[Service Bus]: registerMessageHandler is not deterministic

Azure / azure-sdk-for-js

This repository is for active development of the Azure SDK for JavaScript (NodeJS & Browser). For consumers of the SDK we recommend visiting our public developer docs at https://docs.microsoft.com/javascript/azure/ or our versioned developer docs at https://azure.github.io/azure-sdk-for-js.

MIT License

2.05k stars 1.19k forks source link

[Service Bus]: registerMessageHandler is not deterministic #7986

Closed shlomiassaf closed 4 years ago

shlomiassaf commented 4 years ago

Is your feature request related to a problem? Please describe.

The call to registerMessageHandler accept's an onError callback which throws an Error for any connection related issue or MessageError for any issue thrown while handling an incoming message.

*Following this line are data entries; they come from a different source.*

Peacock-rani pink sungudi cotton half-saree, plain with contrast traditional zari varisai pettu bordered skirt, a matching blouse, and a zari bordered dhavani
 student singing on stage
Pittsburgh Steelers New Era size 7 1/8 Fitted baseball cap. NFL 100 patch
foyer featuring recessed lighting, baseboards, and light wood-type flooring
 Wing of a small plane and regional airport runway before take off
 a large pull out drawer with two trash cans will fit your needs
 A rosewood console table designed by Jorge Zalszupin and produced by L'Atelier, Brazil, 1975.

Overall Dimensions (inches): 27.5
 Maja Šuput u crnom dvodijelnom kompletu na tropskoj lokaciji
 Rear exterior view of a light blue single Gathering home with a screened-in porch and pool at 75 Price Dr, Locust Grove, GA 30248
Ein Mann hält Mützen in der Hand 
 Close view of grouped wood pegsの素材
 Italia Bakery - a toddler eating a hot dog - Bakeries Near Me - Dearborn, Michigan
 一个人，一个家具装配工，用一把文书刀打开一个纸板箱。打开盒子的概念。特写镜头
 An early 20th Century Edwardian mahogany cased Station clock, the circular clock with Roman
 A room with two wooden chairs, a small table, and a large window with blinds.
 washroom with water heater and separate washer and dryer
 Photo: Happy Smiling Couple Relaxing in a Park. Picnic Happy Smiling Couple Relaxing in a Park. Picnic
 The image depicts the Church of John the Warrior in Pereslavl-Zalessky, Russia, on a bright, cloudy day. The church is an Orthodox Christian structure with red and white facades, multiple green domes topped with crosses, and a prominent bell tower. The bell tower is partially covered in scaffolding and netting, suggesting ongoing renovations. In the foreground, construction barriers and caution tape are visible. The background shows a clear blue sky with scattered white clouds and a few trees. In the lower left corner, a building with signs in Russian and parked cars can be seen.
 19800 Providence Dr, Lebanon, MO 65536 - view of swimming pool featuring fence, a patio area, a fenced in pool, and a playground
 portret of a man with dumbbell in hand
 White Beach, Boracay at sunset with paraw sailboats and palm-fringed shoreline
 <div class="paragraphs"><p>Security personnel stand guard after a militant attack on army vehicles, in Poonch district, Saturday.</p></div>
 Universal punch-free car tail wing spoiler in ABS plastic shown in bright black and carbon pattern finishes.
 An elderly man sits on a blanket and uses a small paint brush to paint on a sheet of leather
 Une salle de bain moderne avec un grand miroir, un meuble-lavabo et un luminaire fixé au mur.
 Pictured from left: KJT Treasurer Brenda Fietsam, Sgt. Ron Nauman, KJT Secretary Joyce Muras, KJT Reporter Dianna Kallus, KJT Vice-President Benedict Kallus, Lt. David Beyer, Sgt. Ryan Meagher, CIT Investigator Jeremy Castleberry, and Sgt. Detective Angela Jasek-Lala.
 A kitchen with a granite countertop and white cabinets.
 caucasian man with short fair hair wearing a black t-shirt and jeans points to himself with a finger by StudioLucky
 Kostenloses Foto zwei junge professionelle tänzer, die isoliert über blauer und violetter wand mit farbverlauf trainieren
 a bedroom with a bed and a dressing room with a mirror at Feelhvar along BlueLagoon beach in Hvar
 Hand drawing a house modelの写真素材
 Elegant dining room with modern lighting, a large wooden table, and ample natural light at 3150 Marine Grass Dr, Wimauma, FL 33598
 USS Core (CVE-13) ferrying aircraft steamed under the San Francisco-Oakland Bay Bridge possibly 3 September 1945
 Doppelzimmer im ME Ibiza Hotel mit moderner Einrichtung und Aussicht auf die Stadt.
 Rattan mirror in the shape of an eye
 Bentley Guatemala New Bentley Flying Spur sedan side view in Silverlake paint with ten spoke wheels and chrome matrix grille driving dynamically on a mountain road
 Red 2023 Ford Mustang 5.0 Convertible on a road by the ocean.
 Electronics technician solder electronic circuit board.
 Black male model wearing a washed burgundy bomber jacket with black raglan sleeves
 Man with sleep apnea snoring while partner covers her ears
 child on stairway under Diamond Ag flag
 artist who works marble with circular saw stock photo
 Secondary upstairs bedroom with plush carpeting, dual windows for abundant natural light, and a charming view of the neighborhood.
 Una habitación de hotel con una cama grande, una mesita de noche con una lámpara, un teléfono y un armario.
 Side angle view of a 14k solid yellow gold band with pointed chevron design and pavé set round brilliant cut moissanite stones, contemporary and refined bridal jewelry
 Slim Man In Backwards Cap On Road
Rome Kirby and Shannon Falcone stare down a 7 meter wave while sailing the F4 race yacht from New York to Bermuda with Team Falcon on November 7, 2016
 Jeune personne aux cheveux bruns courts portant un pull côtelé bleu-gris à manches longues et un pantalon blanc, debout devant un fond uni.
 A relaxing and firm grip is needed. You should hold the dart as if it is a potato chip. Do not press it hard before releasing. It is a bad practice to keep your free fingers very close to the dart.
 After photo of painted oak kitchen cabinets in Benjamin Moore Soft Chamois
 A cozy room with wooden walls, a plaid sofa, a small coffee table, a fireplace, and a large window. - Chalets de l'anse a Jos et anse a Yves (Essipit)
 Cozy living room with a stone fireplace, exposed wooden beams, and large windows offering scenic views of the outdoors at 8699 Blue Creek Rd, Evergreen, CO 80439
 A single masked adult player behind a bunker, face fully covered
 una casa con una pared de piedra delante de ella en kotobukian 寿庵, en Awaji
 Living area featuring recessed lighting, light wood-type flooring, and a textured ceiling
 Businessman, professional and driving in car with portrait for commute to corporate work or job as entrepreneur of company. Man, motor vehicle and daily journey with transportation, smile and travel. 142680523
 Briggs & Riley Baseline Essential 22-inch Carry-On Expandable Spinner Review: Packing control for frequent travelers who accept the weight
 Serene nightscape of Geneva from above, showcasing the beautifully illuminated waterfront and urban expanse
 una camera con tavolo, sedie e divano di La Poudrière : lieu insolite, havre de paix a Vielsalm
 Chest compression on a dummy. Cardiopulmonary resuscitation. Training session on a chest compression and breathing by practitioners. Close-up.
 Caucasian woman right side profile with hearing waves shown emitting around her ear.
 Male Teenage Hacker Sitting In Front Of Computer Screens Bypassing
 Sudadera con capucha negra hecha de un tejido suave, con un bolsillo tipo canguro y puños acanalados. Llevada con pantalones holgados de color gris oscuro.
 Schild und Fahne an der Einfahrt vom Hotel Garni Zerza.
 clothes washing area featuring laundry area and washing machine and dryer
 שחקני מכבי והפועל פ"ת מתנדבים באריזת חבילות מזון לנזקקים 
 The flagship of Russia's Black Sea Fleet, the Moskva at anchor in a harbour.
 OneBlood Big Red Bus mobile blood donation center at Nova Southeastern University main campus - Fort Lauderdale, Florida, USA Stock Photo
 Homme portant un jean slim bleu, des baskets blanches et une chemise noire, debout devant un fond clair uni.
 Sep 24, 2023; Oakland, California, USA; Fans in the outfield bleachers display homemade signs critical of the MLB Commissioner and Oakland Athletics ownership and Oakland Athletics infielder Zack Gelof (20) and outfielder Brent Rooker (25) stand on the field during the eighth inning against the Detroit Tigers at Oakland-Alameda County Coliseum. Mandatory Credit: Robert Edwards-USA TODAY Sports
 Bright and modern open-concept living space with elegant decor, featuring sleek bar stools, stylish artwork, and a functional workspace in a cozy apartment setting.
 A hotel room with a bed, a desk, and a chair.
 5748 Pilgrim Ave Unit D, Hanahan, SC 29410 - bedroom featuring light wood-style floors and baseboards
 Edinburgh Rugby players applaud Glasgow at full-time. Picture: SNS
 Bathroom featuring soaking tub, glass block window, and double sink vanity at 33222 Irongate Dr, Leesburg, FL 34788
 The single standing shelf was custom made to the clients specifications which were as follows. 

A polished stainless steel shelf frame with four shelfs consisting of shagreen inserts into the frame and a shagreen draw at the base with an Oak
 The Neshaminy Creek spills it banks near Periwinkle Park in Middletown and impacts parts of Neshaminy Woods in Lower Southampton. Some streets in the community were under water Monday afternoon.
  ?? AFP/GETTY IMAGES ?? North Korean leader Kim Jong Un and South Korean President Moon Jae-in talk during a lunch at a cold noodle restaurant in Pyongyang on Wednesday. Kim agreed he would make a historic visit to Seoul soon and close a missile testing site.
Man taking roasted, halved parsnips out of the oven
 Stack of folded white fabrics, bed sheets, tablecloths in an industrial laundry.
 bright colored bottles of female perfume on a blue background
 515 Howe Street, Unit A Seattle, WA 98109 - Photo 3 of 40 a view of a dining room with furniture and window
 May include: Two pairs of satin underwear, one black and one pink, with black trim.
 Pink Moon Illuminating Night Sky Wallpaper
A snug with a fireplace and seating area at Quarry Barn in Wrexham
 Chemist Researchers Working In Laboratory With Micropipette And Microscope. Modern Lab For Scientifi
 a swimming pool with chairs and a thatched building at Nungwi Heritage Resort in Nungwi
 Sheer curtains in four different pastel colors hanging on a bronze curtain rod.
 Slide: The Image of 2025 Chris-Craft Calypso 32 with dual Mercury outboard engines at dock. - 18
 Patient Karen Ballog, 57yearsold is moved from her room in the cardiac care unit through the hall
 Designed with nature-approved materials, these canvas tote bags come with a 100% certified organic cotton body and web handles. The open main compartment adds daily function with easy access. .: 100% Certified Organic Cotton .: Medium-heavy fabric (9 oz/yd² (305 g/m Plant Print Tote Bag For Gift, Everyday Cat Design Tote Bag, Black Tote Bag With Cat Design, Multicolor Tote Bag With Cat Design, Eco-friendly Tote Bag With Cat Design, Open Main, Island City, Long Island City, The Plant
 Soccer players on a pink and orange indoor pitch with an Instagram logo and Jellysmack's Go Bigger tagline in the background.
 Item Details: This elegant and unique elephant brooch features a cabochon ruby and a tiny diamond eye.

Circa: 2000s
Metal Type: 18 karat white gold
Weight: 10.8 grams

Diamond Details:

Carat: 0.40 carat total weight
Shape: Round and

This creates a problem when trying to determine the result of the connect operation.

If Fail: onError is invoked with the error
If Success: Nothing

If the flow requires several operations, running in sequence with one being registerMessageHandler and the other, running after a successful connection, this is not easy to achive.

One can use the onError callback to catch such issues but if no error occurs?

Describe the solution you'd like registerMessageHandler should return a promise that will resolve when connection is up and it's ready to receive message.

The promise will throw if it fails, i.e. if the receiver is already in state of receiving messages or if there was a problem connecting to service bus.

The onError will be used for MessageError and for connection errors that occur AFTER the initial connection resolves.

In addition, the flow is will now be more clear, as registerMessageHandler.

I guess there is an API problem here, as this is a breaking change... but I think this one is required.

richardpark-msft commented 4 years ago

@shlomiassaf - one change we've been talking about (to solve a slightly different but related issue) is to provide a way for the user to do a "init connection" without having to do a send/receive operation. So this would occur via an explicit call (where that method exists is under discussion).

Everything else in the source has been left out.